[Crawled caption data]
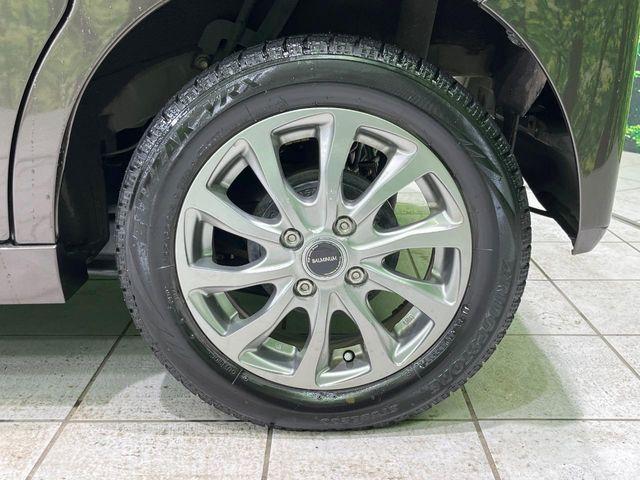 ルークス（新潟県長岡市）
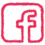 Facebook_icon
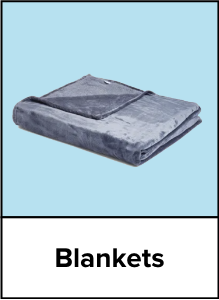 /home-and-kitchen/bedding-16171/blankets-and-throws/noonfav?sort[by]=popularity&sort[dir]=desc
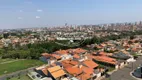 Foto 22 de Apartamento com 3 Quartos à venda, 66m² em JARDIM BRASILIA, Piracicaba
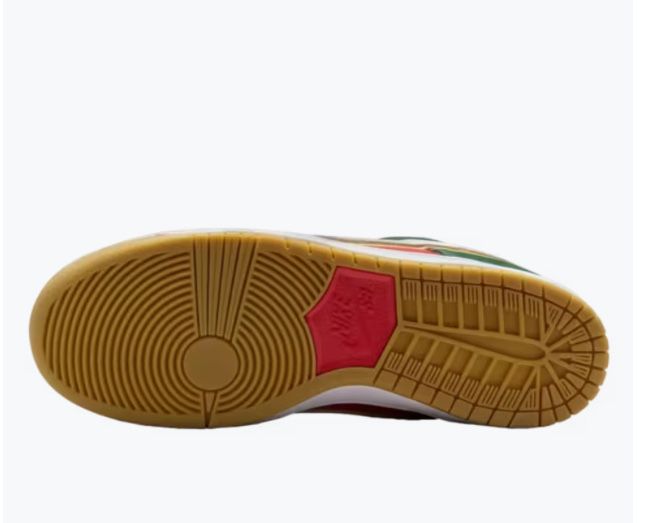 Nike Dunk Sb Low Premium 45(11us)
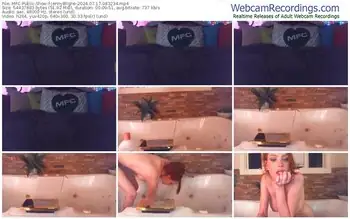 myfreecams-jennyblighe-07-17-2024-08-32-34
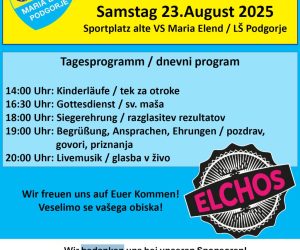 60 Jahre DSG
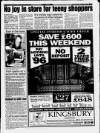 Salford City Reporter Thursday 09 November 1995 Page 27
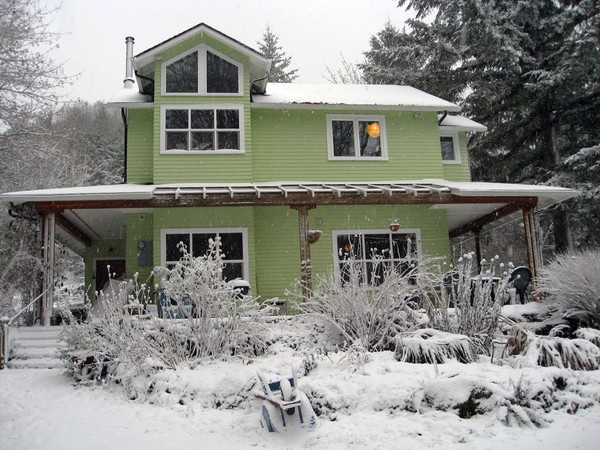house_in_snow_small.jpg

» **WHAT NEEDS TO BE DONE**:
Give every entry again as it is, dropping its pictures.

» **TASK RESPONSE**:
 ルークス（新潟県長岡市）
 Facebook_icon
 /home-and-kitchen/bedding-16171/blankets-and-throws/noonfav?sort[by]=popularity&sort[dir]=desc
 Foto 22 de Apartamento com 3 Quartos à venda, 66m² em JARDIM BRASILIA, Piracicaba
 Nike Dunk Sb Low Premium 45(11us)
 myfreecams-jennyblighe-07-17-2024-08-32-34
 60 Jahre DSG
 Salford City Reporter Thursday 09 November 1995 Page 27
house_in_snow_small.jpg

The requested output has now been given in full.